Comme on pouvait s’y attendre, les réélections se font plus rares si des réformes ont été adoptées, à l’exception de quelques pays comme l’Allemagne. Toutefois, le phénomène ne s’amplifie pas beaucoup avec l’accumulation de réformes : autrement dit, la fréquence de défaites électorales dans un pays donné augmente peu avec le nombre de réformes qui y ont été menées. Certains facteurs explicatifs étudiés ne se révèlent pas très probants. Par exemple, à l’exception de l’inflation qui a une influence négative, les effets économiques ne sont pratiquement pas visibles sur les réélections. En revanche, deux variables se révèlent avoir une influence significative : la marge avec laquelle les élections précédentes ont été gagnées et le niveau d’éducation financière (mesuré par l’IMD) quand des réformes ont lieu.

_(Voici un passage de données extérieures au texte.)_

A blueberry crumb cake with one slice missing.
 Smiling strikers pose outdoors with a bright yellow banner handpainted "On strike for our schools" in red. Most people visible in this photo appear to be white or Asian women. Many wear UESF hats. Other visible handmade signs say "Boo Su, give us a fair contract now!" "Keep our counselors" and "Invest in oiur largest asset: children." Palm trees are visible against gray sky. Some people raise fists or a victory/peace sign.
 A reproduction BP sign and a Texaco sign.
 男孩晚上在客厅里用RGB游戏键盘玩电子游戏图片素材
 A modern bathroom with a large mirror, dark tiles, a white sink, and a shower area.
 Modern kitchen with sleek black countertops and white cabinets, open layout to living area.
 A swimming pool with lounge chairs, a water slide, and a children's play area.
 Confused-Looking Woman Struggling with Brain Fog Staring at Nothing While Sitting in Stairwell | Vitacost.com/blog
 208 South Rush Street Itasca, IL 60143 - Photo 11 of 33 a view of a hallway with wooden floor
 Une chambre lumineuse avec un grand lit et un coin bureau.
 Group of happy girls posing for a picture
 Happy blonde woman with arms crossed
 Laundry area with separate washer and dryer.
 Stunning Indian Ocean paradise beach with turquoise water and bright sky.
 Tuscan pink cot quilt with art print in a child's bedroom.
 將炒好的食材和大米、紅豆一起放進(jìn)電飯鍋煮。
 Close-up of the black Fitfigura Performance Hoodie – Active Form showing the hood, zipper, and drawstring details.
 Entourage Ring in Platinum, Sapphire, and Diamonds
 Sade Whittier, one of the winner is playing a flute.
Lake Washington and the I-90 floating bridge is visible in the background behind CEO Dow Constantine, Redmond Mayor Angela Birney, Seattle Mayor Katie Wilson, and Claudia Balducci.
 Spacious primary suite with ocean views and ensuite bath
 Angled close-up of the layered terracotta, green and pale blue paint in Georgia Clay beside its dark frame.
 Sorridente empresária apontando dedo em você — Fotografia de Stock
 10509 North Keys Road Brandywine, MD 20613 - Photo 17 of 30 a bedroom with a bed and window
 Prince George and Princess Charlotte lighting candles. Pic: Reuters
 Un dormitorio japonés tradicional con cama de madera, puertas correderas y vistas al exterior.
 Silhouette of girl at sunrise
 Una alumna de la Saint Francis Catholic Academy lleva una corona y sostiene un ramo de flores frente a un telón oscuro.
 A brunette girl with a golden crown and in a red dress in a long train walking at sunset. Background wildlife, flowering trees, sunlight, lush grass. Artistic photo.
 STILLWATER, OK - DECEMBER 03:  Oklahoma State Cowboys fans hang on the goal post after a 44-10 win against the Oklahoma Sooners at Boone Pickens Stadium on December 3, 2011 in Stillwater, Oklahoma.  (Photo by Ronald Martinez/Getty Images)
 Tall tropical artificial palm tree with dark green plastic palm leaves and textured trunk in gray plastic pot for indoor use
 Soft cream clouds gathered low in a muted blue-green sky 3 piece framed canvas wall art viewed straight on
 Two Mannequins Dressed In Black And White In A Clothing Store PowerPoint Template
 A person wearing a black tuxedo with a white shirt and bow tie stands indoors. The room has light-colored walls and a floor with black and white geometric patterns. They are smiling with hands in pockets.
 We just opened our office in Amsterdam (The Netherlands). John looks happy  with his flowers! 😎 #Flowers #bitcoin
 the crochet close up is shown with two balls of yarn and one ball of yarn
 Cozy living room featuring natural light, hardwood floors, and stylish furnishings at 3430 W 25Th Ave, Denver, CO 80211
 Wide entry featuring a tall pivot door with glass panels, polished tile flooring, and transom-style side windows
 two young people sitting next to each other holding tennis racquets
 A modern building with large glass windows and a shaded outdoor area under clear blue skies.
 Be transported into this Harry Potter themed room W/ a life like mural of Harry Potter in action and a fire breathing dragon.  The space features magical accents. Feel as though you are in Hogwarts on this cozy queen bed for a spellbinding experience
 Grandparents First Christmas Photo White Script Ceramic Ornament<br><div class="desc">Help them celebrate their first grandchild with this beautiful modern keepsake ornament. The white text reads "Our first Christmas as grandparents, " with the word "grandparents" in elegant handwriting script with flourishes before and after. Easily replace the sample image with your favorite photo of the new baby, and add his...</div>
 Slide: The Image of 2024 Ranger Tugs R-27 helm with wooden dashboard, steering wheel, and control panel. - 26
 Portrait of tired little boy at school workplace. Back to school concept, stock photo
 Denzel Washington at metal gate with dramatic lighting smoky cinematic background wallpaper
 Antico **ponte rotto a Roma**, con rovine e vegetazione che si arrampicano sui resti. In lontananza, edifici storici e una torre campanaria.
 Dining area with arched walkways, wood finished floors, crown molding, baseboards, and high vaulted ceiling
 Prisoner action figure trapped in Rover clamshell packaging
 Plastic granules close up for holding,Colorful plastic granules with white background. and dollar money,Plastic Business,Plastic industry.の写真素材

L’importance de la pédagogie

On l’aura compris, cette étude ne cherche pas à prédire les résultats électoraux. Plus modestement, elle entend analyser les correspondances entre plusieurs variables liées aux conditions des votes et leurs résultats. Si l’on admet que le processus est à peu près le même dans tous les pays démocratiques considérés et que l’attitude des électeurs n’a pas changé en vingt ans, les enseignements de l’étude indiquent que l’éducation financière joue un rôle clé pour atténuer la perception souvent négative des réformes des retraites. Ce qui peut s’interpréter par le fait qu’une meilleure compréhension des enjeux économiques d’une réforme en augmente l’acceptabilité.

Ceci renforce l’importance des efforts pédagogiques en cette matière, même s’ils ne sont payants qu’à long terme.

Jean-François Boulier Président d'honneur ,  Af2i

Jean-François Boulier est président d'honneur de l'Af2i.